(Assignment): With the pictures omitted, set down exactly the lines from the one that contains "write sql queries, design" through the last line of the data.

(Material for this task):
--

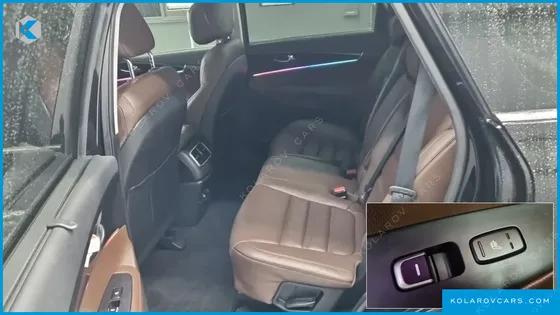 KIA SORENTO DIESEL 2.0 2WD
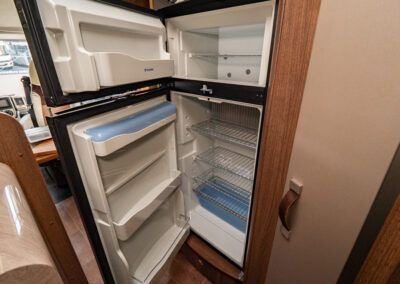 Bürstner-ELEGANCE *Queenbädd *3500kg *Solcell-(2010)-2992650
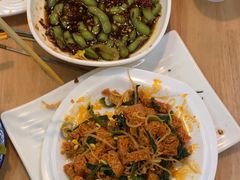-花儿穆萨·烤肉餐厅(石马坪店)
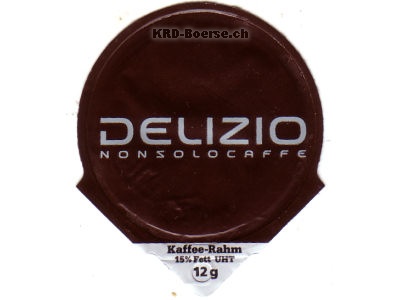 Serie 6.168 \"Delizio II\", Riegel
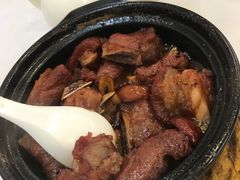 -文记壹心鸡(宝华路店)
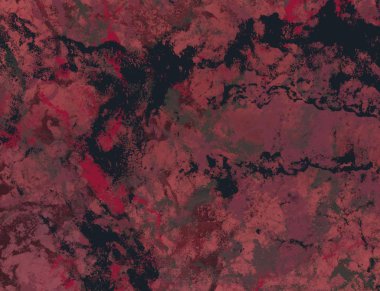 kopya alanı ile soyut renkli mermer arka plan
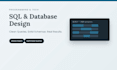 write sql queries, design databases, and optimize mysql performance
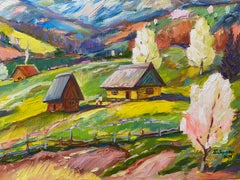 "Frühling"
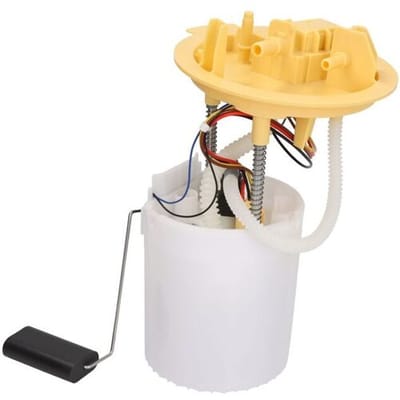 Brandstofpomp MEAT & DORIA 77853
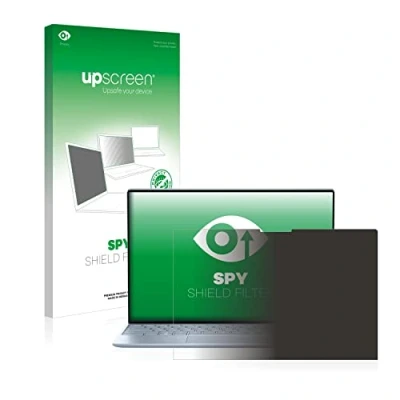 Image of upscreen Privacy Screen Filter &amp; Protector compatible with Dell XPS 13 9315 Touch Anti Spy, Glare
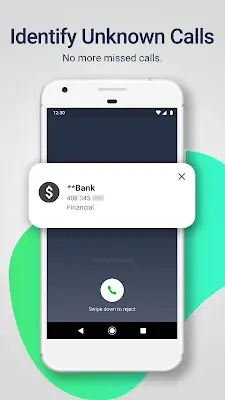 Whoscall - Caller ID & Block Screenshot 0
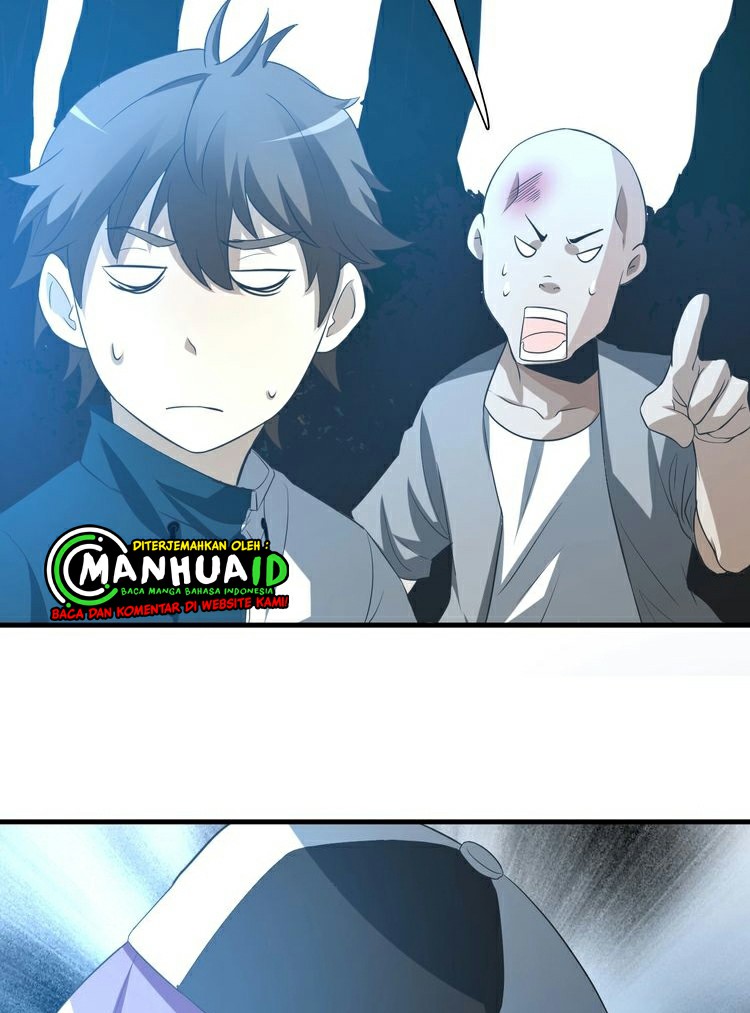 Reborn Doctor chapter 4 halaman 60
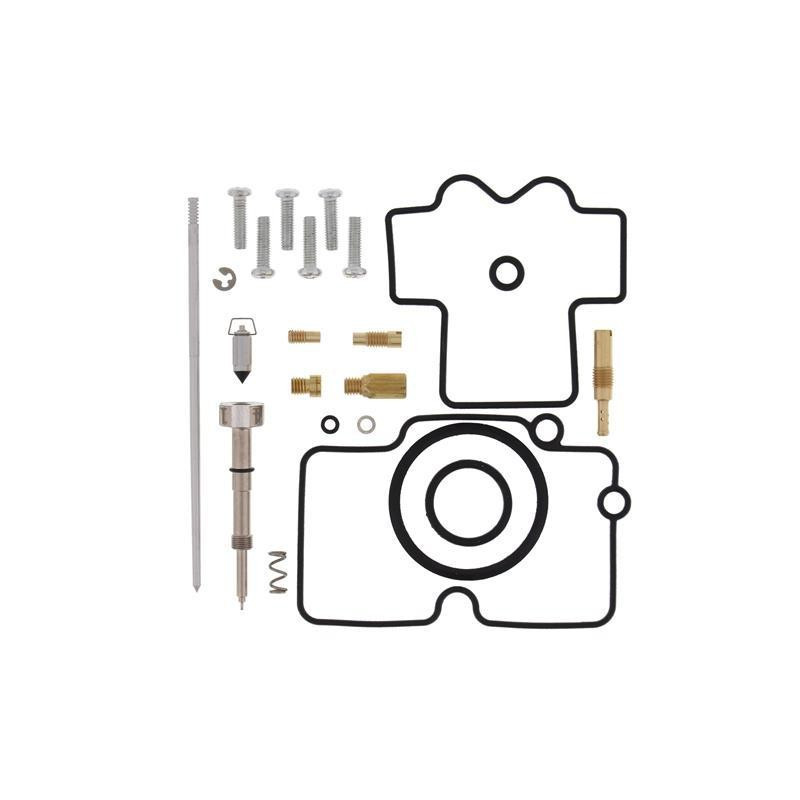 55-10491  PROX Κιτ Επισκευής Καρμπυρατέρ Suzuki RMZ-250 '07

--

(Finished exercise):
 write sql queries, design databases, and optimize mysql performance
 "Frühling"
 Brandstofpomp MEAT & DORIA 77853
 Image of upscreen Privacy Screen Filter &amp; Protector compatible with Dell XPS 13 9315 Touch Anti Spy, Glare
 Whoscall - Caller ID & Block Screenshot 0
 Reborn Doctor chapter 4 halaman 60
 55-10491  PROX Κιτ Επισκευής Καρμπυρατέρ Suzuki RMZ-250 '07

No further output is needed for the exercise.